By Gary Fallesen, founding president, Climbing For Christ

The church at Korchabang in worship. (Photos by Megh Gurung)

I better understand now Paul’s letters to the young church of his day about longing to see them. In 1 Thessalonians 3:6, he wrote about Timothy’s return from the church at Thessalonica: “He reports that you always remember our visit with joy and that you want to see us as much as we want to see you.”

In July, our Nepali kingdom worker, Megh Gurung, went to see the body of believers God has used us to help build up in the Mid-West district of Rolpa – the churches at Korchabang, Dharmashala, and Ghapa. I sent a message to them through Megh.

“I convey your greetings,” Megh told me during his 12-day visit. “Everybody asked me, ‘When will Gary Ba [Gary Father] be back?’ I said, ‘Gary Ba will come next year in May.’ They are exciting here.”

I was excited as well from where I was, halfway around the world.

I look forward to Mission: Nepal 2020, Part 1, which will take us back to Rolpa and to the Humla district in the northwest corner of Nepal, where we have been blessed to witness an explosion of believers in recent years. (But before that, we have a trek to the unreached Tsum Valley scheduled in November for Mission: Nepal 2019, Part 2, and there are other trips planned to Turkey, Tanzania, Malawi, and Indonesia to spend time teaching and encouraging young churches and new believers.)
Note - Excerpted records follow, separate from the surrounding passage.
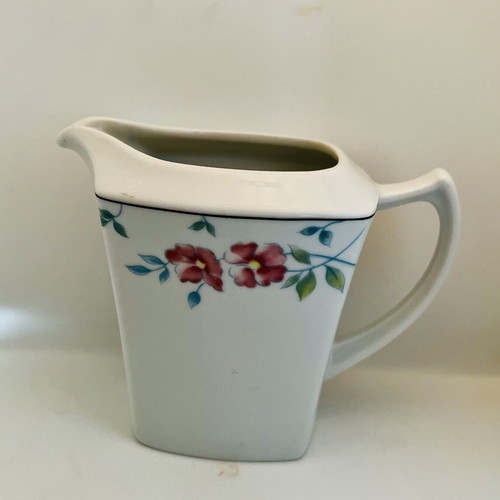 Seltmann Weiden Christin vintage porcelain milk jug like new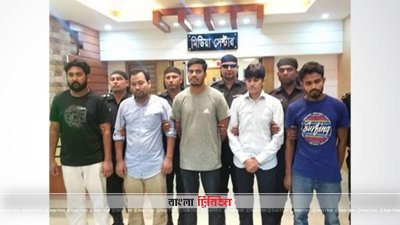 প্রশ্নফাঁস চক্রের ৫ সদস্যসহ ৬ শিক্ষার্থী আটক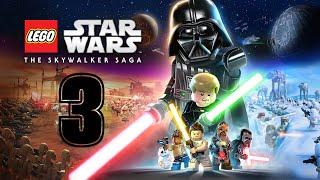 Lego Gwiezdne wojny: Saga Skywalkerów [#3] - Darth Maul Boss !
The church grows despite persecution in the hard places and complacency in the easy places. God does not slumber nor sleep.

Megh excited us with a praiseworthy report from his Rolpa visit: 18 baptisms, nine new believers, and many, many more taught and encouraged in their faith.

It began, when he arrived in Dharmashala, with a late-night prayer meeting. “We prayed for all the believers and for the nations and Climbing For Christ’s worldwide ministry,” Megh said.

Megh slept that night in the church we dedicated in 2017 and the following morning he taught a baptism class of nine believers. Outside, the rain was heavy. “We prayed for the rain to stop for the baptism and God heard our prayer and the rain stopped,” Megh said.

He led the group to be baptized to the nearby river we have used in the past.

Baptizing a believer from Dharmashala.

The following day, there was a time of fellowship and Megh provided a meal for the church. “There were some new people who came to church and I challenged them,” he said, reporting that four joined the body of Christ. “Thank God it was a fruitful ministry at the Dharmashala church.”

The next day, Megh moved to the village of Ghapa, situated between Dharmashala and Korchabang. Korchabang was where God used us to build our first church in Rolpa in 2012. Pastor Dulsar, a former Maoist, planted churches in Dharmashala and then Ghapa. Ghapa is a community of house churches now.

“There was a good fellowship and some of the non-Christian people invited were at the fellowship,” Megh said about his visit to Ghapa. “There were four people saved.”

Megh contributed another meal and “we prayed for the Ghapa-area people who came to the Lord and those who are not saved.”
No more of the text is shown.